Crown Melbourne: How we reined in our building maintenance time and cost

Maintenance around the casino and entertainment complex was getting too complex, so Crown decided to implement a new asset management system from IBM in a bid to speed up repair jobs and keep customers coming.

On the banks of the Yarra River sits Crown Melbourne, a casino, entertainment, and hotel complex that occupies 510,000 metres of riverside real estate. It is the city's biggest tourist destination, and 500,000 people can pass through the doors on any given day, bringing in AU$1.8 billion revenue per annum.

It's open around the clock, and to ensure that money keeps pouring in, Crown has to spend a lot of time maintaining every aspect of the complex. Time really is money for Crown, and downtime for any part of the casino can be costly.

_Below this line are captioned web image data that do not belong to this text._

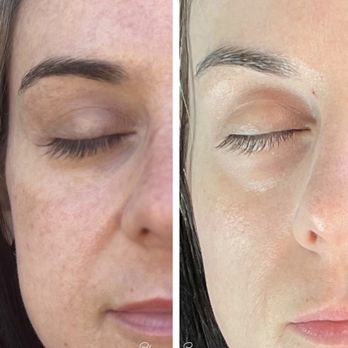 SKYN Spatique Esthetics - Skin Care Near Me SKYN Spatique Esthetics - Skin Care Near Me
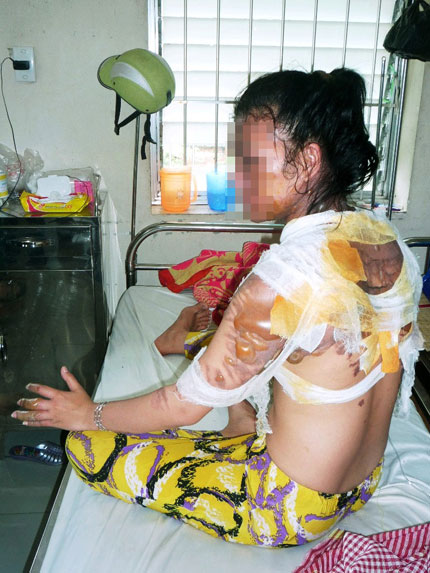 Chị Võ Mai Thy bị bỏng nặng do bị chồng bạo hành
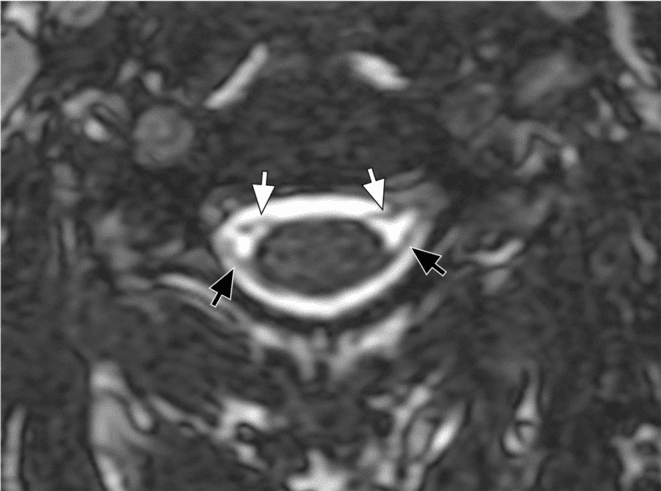 Axial high-resolution MRI of the cervical cord with arrows marking the small ventral and dorsal nerve rootlets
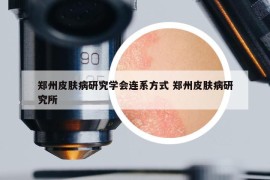 郑州皮肤病研究学会连系方式 郑州皮肤病研究所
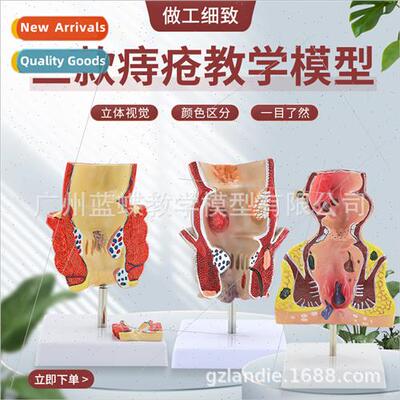 Hemorrhoidal lesion model anal intestinal pathology hemorrho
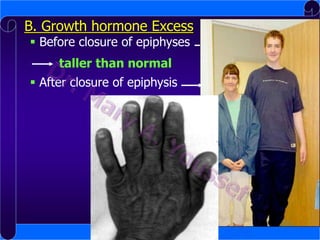 B. Growth hormone Excess
 Before closure of epiphyses

Gigantism

taller than normal
 After closure of epiphysis

Acromegaly

 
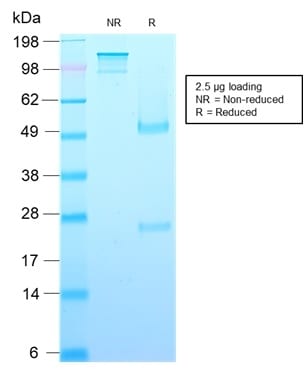 Growth Hormone Recombinant Monoclonal Mouse Antibody (rGH/1450)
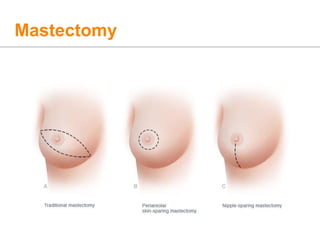 Mastectomy
 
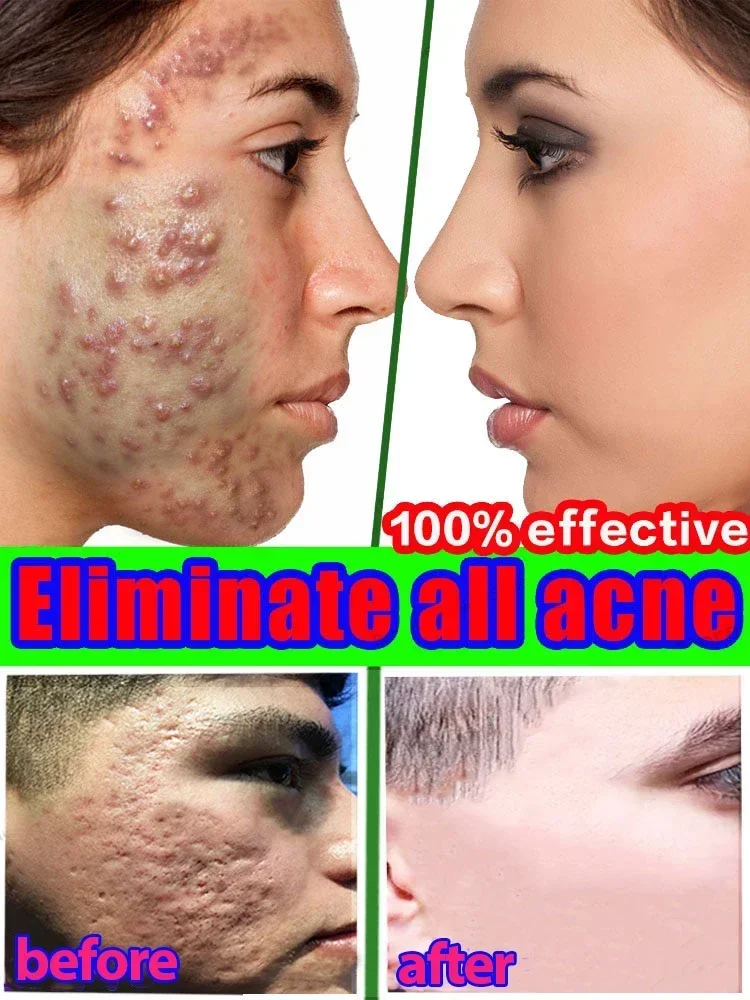 Ervas-Acne Tratamento Rosto Soro, Pimple Remover, Encolher Poros, Controle De Óleo, Cuidados Com A Pele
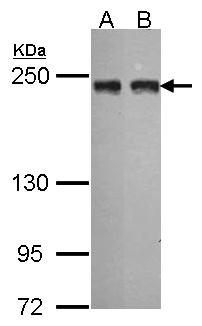 TANGO / MIA3 Antibody - Lane A: A549 (30 ug of whole cell lysate). Lane B: Hep G2 (30 ug of whole cell lysate). Anti-MIA3 Antibody diluted at 1:1000 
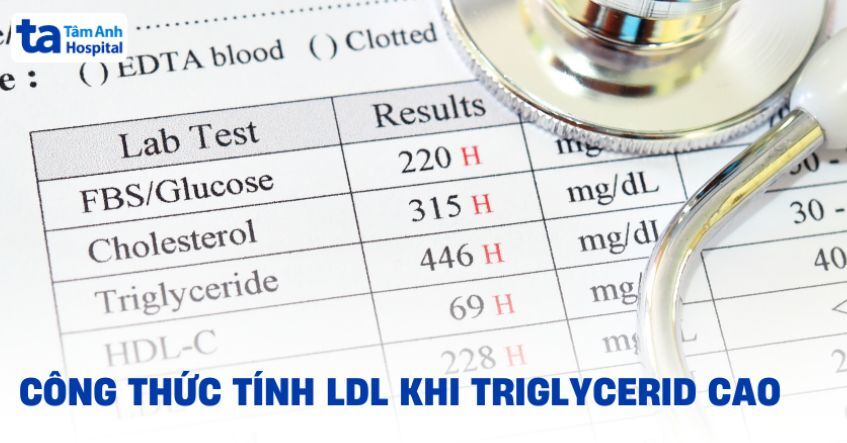 Công thức tính LDL khi Triglycerid cao và cách áp dụng đúng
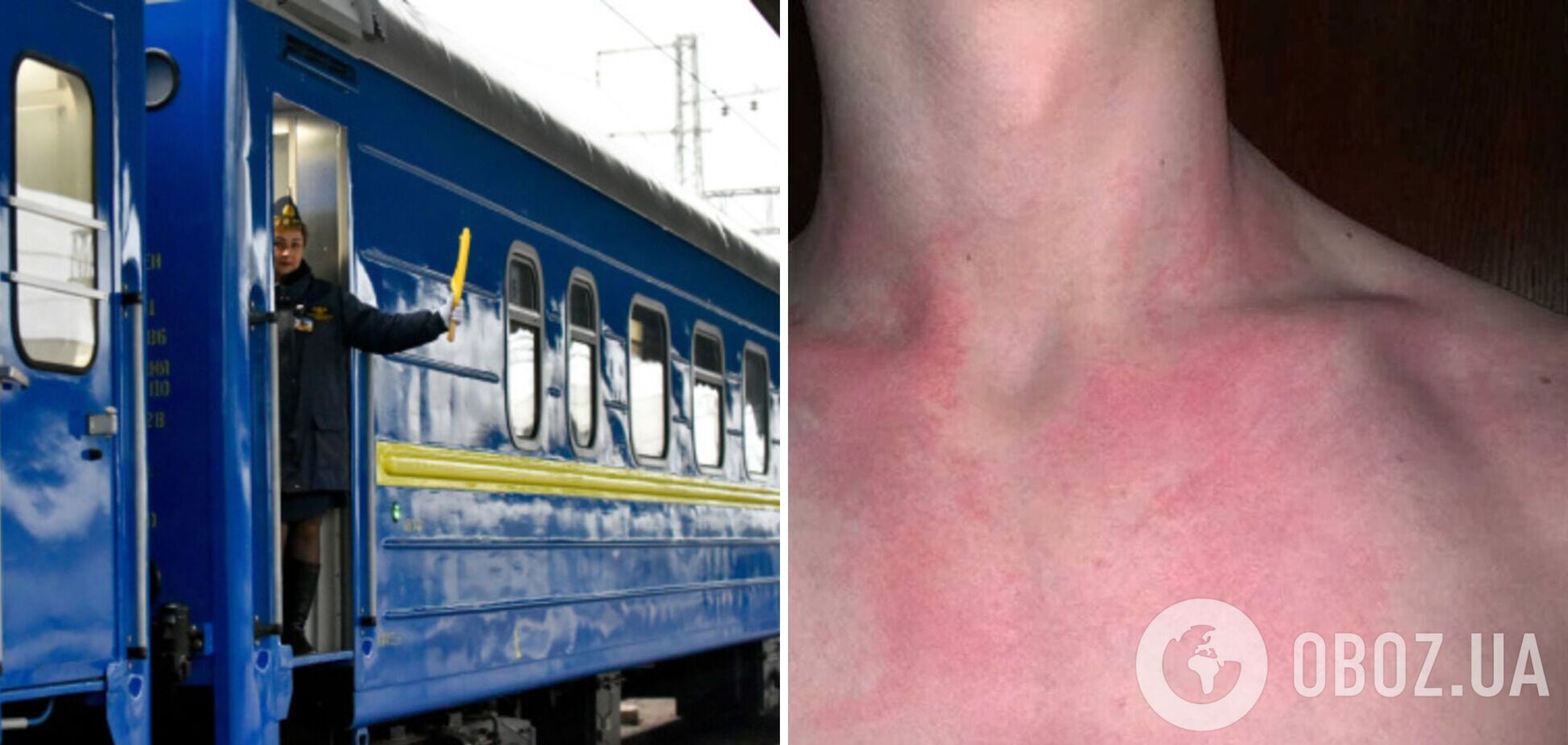 Пассажиры 'Укрзалізниці' пожаловались на нападение клопов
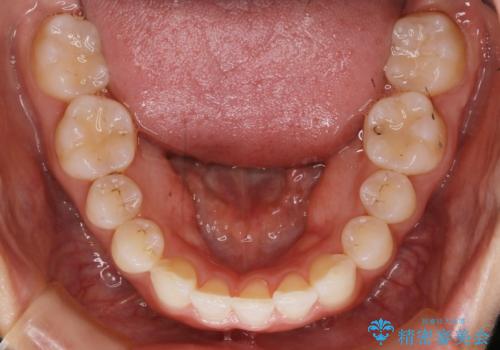 【非抜歯】下の前歯が1本少ない場合の矯正治療の治療後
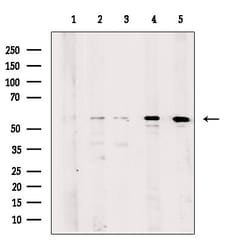 Invitrogen KATNA1 Polyclonal Antibody 100 &mu;L | Buy Online | Invitrogen&trade; | Fisher Scientific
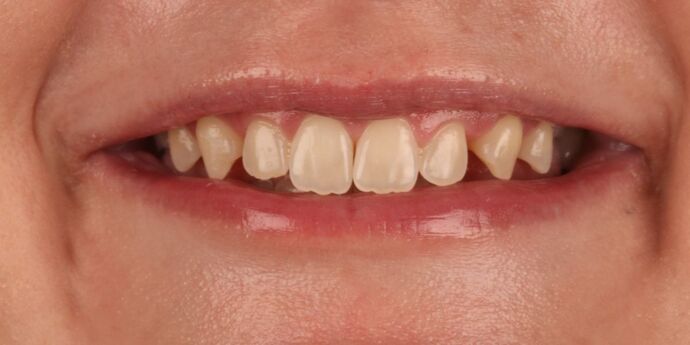 Smile Makeover: Moriah - Before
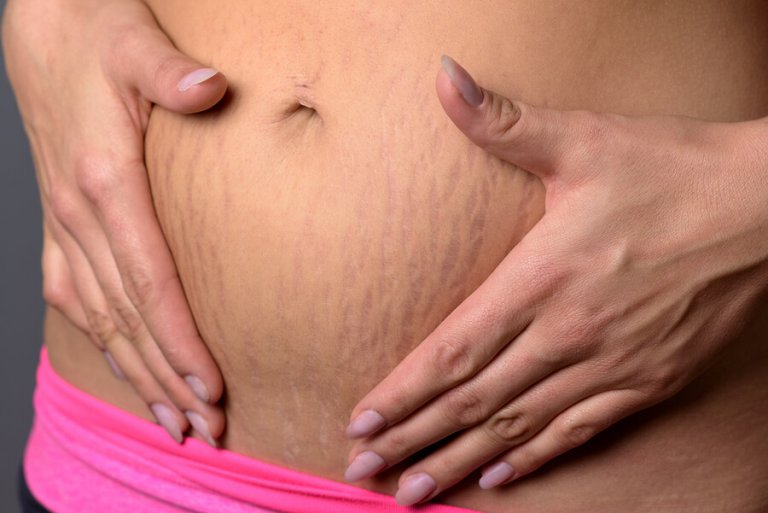 Comment éliminer les vergetures pendant la grossesse
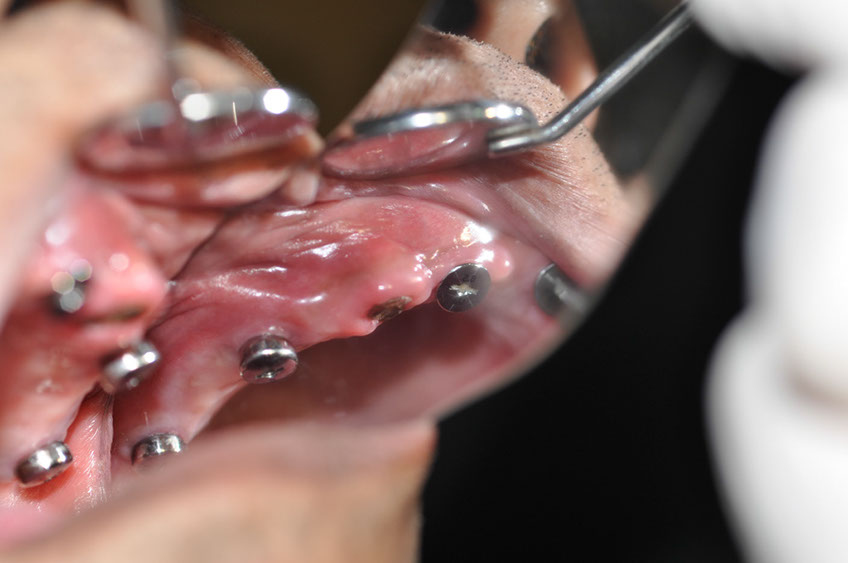%_tempFileNameImplant%2080c5%20%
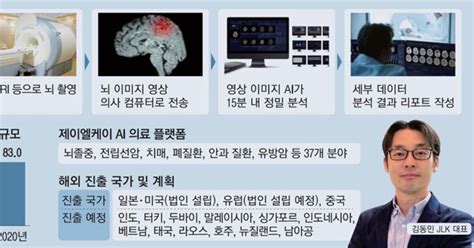 Ai가 전송영상 분석15분내 뇌경색 징후 판독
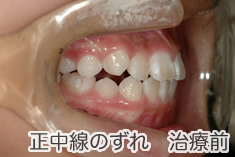 正中線のズレ治療前
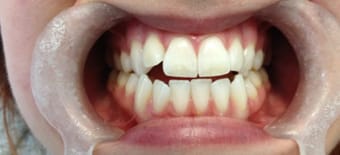 Before and After Invisalign Treatment Windsor Before and After Invisalign Treatment Windsor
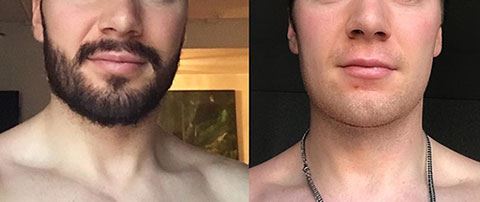 Крем Razorless Shaving: до и после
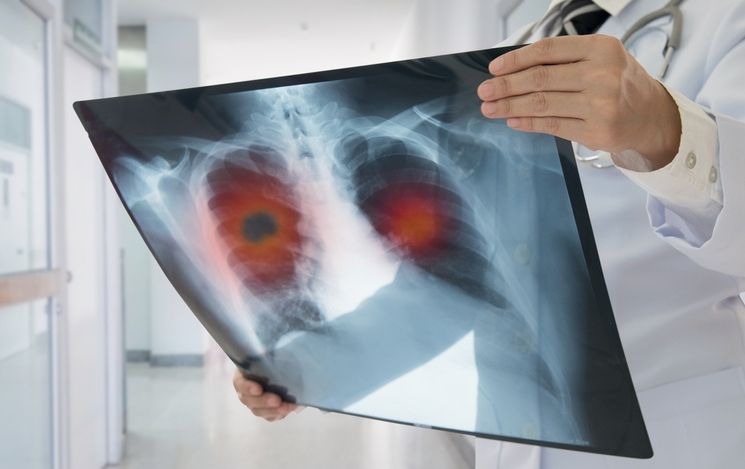 Lung cancer is there a natural treatment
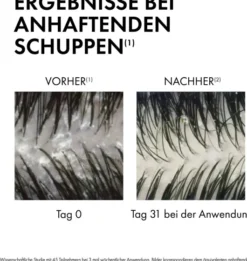 Vichy Dercos Anti-Schuppen Shampoo Trockene Kopfhaut 390 ml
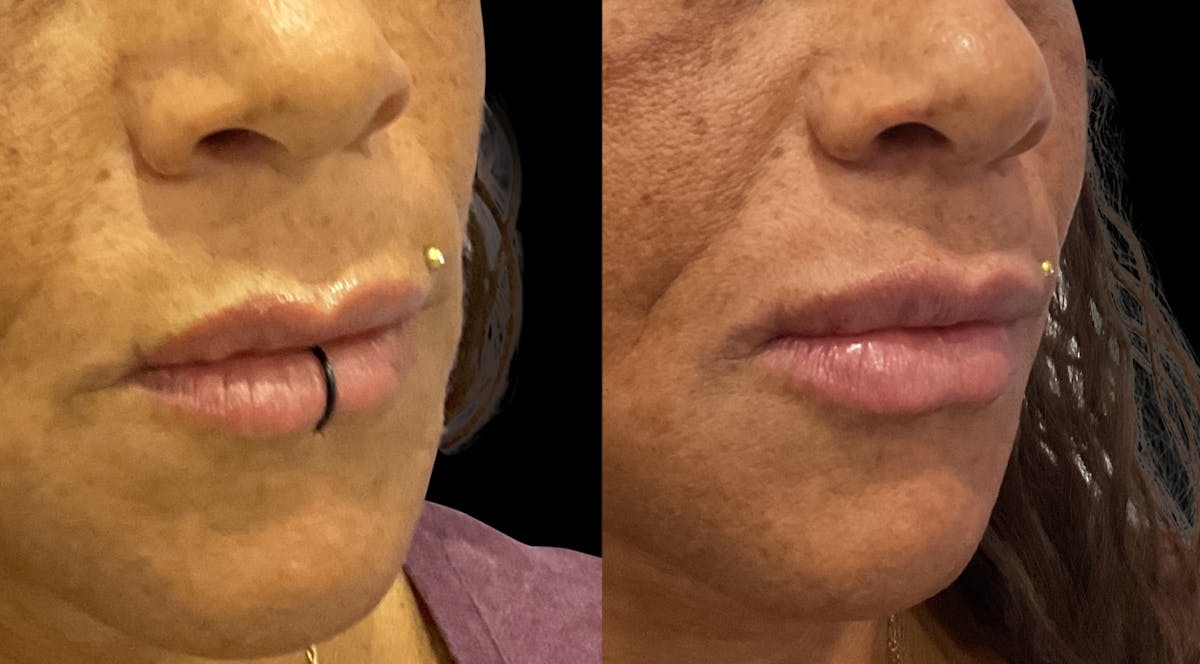 Lip Filler Before & After Gallery - Patient 958828 - Image 2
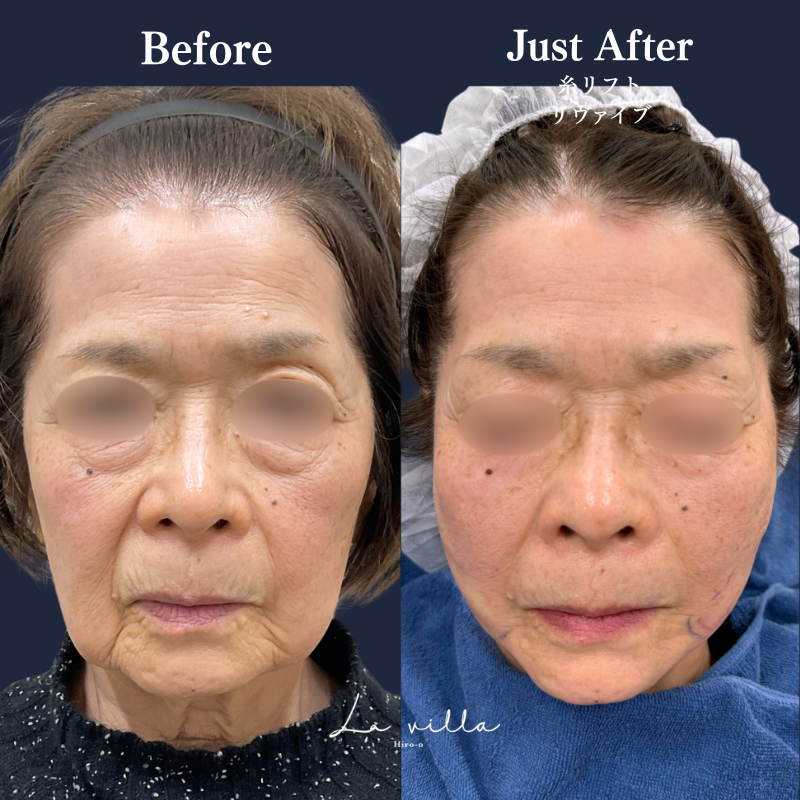 糸リフト＋リヴァイブ　No.291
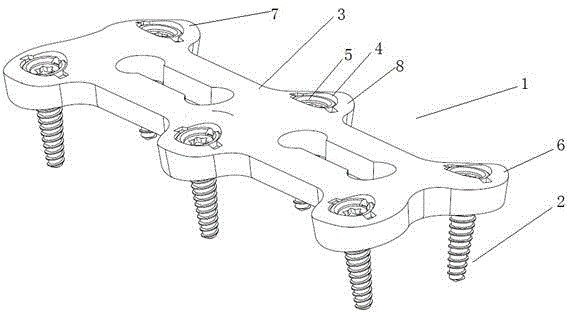 Spine fixing device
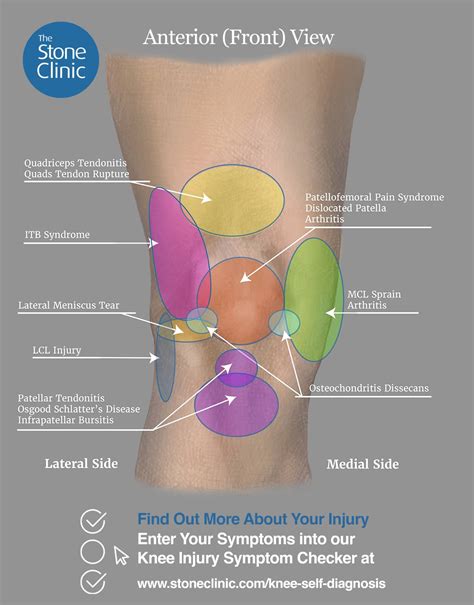 Knee Pain Location Chart Knee Pain Location Chart Sport Doctor
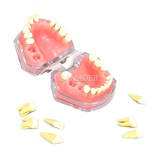 Red Standard Typodont Model M7008 (Original 4004), Removable Soft Teeth Dental Extraction Training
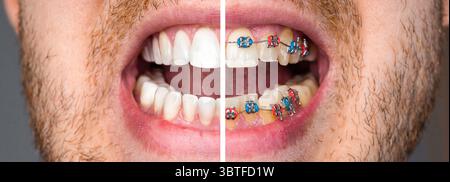 Closeup man with teeth before and after braces treatment. Dental braces, correcting teeth Stock Photo
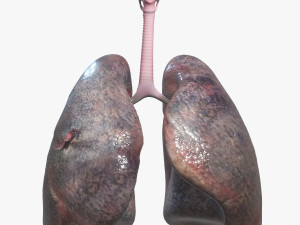 Smokers Lungs 3D Model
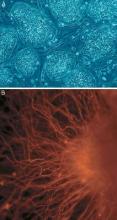  Macular degeneration patients showed increases in subretinal pigmentation after human embryonic stem cell transplantation.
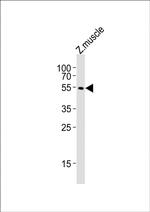 alpha-2a Adrenergic Receptor Antibody in Western Blot (WB)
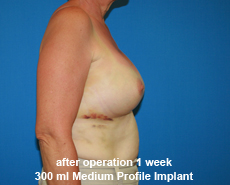 plastic-surgery-breast-augmentation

Crown has a lot of assets to manage, from 2,500 gaming machines and 500 gaming tables — each with six pieces of electrical components — to 1,600 hundred guest rooms and numerous restaurants.

What is behind the wall is also very important to Crown. The complex has 2,900 air conditioning units, 2,229 air conditioning pumps, 31 boilers, 24 cooling towers, and seven chillers — all that, just so you can feel nice and comfortable while splurging on a craps table.

"When it gets cold in an office, workers still stay, but if it gets cold in the casino, customers will leave," Crown general manager Demara Jackson said at the Pulse IBM SolutionsConnect 2013 event in Melbourne.

Maintaining the building is no easy feat, and Crown employs 120 staff and a swathe of contractors, including electricians, plumbers, and carpenters, to ensure that things are running smoothly at the front and back ends.

Previously, the maintenance crew was struggling with working effectively. There were times when maintenance teams would double up on one job because it was hard to track the work orders, and there wasn't much clarity over costs of maintaining the assets in the buildings.

"We have a lot of premium customers and VIPs — frankly, our facilities issues just weren't being handled in the shortest amount of time," Crown manager for engineering services Jeremy Sampson said at Pulse. "Also, we live in a multitude of financial systems and work order systems. At any point in time, it wasn't clearly transparent how much we were spending on certain assets on certain budgets.

"Fiscally, that just wasn't good enough for us."

When things don't work in and around the casino, high rollers that come in and splurge money are more inclined to leave and take their dollars elsewhere, he said.

To make the work simpler for the maintenance crew and to better manage costs, Crown decided to implement a new asset management system in 2012. The company selected IBM's Maximo Asset Management system and Maximo Everyplace software, with the vendor helping out with the design and implementation process.

Everything was in place by November 2012. A hundred-odd shift team members were issued iPhone 4 devices with Maximo Everyplace installed on them to help manage the property around the clock. There are currently over 20,000 assets, including pipes, slot machines, and light fixtures, registered on the Crown Maximo system.

"Overnight, over seven of them are there to manage the entire property and to do that in the most effective way, and to minimise overall response times, the shift team members use their iPhones with Maximo Everyplace to receive, allocate, and record job activities," Jackson said at Pulse. "Team leaders can then ID priority jobs, from a kitchen fryer malfunctioning to lights out in a villa, to minimise travel time between jobs."

The average maintenance worker at Crown travels more than 7km each day, and that represents 25 percent of the cost on every job, she said.

"While it's unlikely to be able to remove travel time altogether, even halving that would reduce our costs substantially," Jackson said.

Through the new asset management system, if a job is to fix a leaky pipe, for example, and parts need to be ordered, workers can turn that job order into a purchase order in a few simple steps through their company-issued iPhones.

With a more efficient maintenance system in place, the next step for Crown is to gather all the data it can from the Maximo system to optimise inventory levels, according to Sampson. The company is also looking at ways to streamline maintenance processes even more, and is exploring ways to use geolocation or geotagging of photos to keep better track of assets that needs to be repaired.

Spandas Lui attended Pulse as a guest of IBM.